◆ What to work on ◆
In the entries below, copy only the lines from the one that contains "Kia K5 гибрид Noblesse, 2014 18" through the last line, exactly, and omit any pictures.

*** Begin section ***

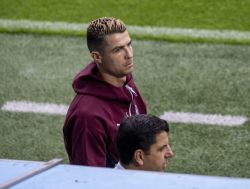 Cristiano Ronaldo suspenso preventivamente de forma não automática pela FPF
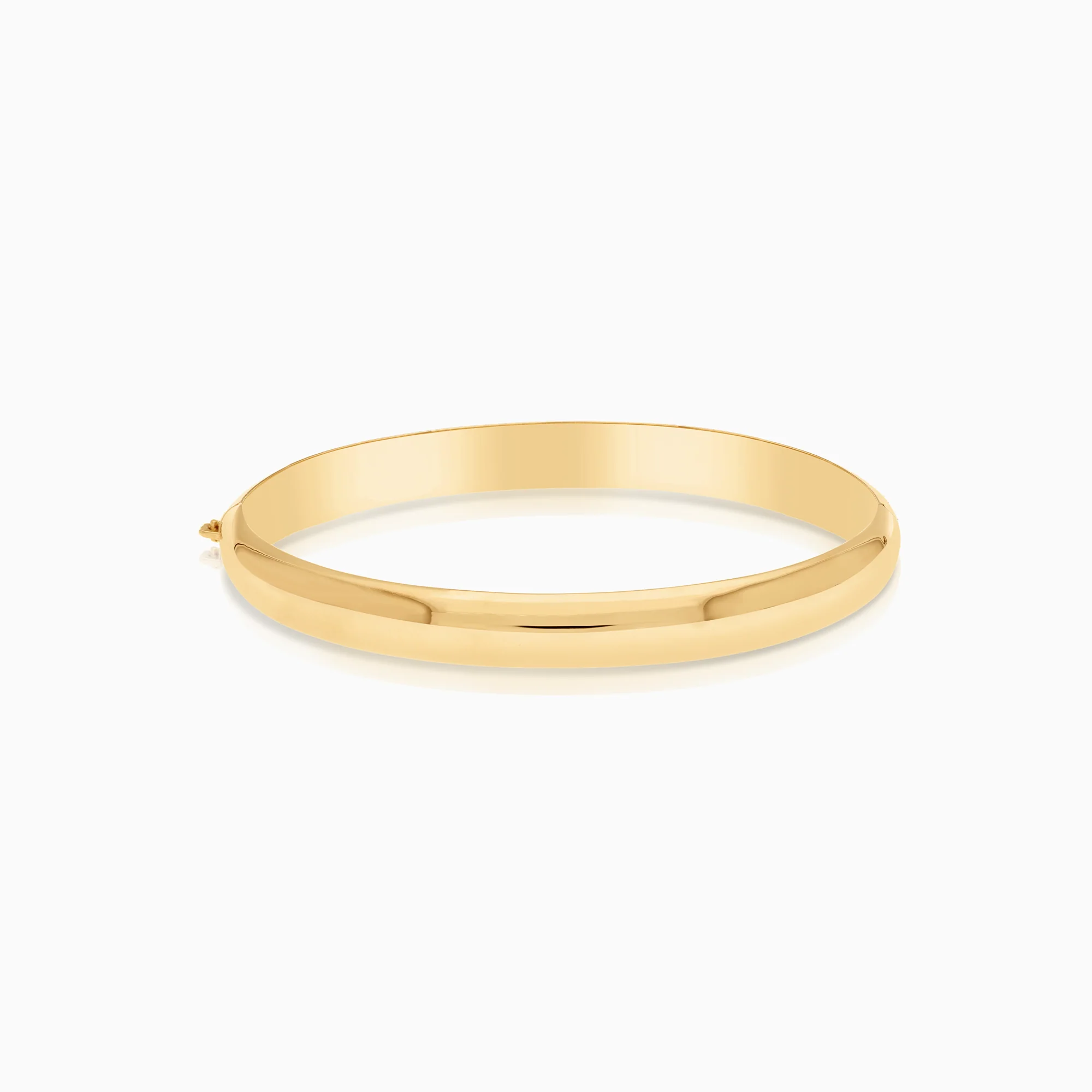 Bangle 10.97g 18K gold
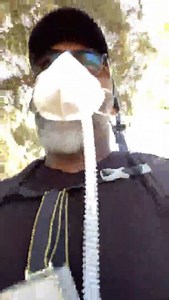 Watch best airpro mask on Amazon Live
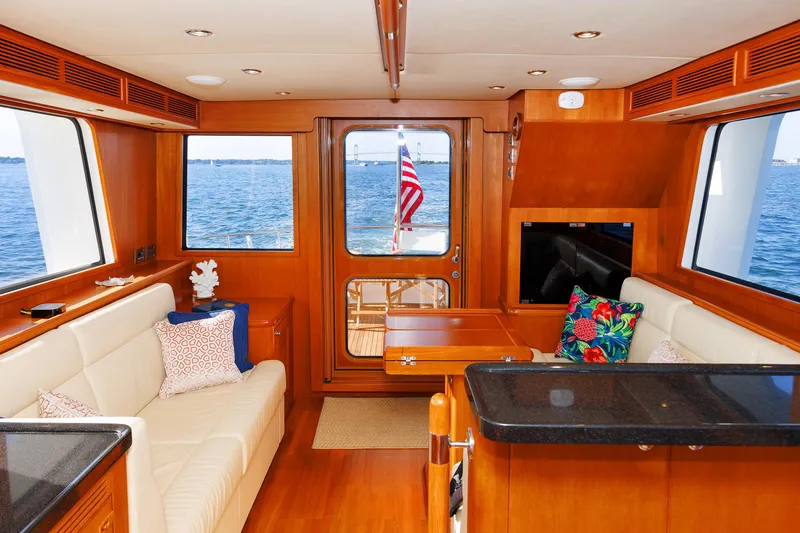 Slide: The Image of Grand Banks 43 Europa 2014 - 53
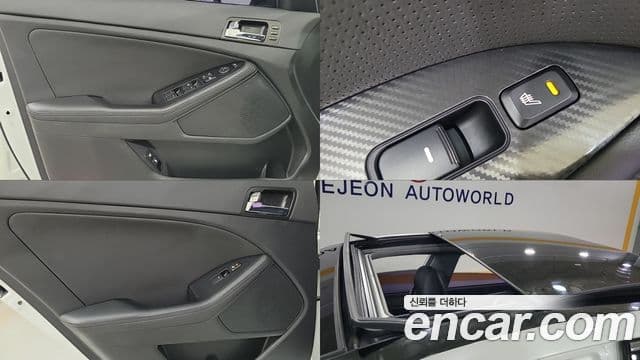 Kia K5 гибрид Noblesse, 2014 18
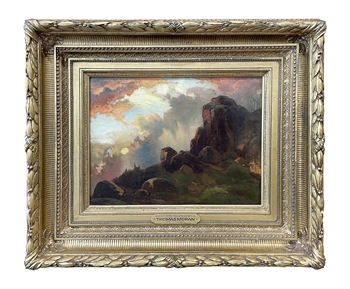 art for sale: Thomas Moran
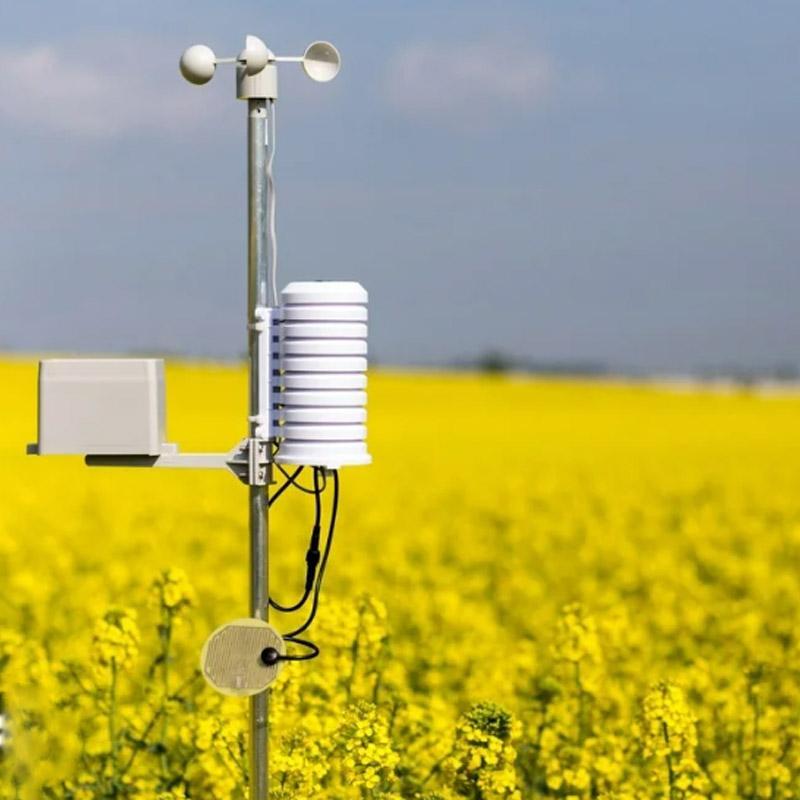 M8 Connectors in Agricultural Sensors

*** End section ***

◆ Finished task ◆
 Kia K5 гибрид Noblesse, 2014 18
 art for sale: Thomas Moran
 M8 Connectors in Agricultural Sensors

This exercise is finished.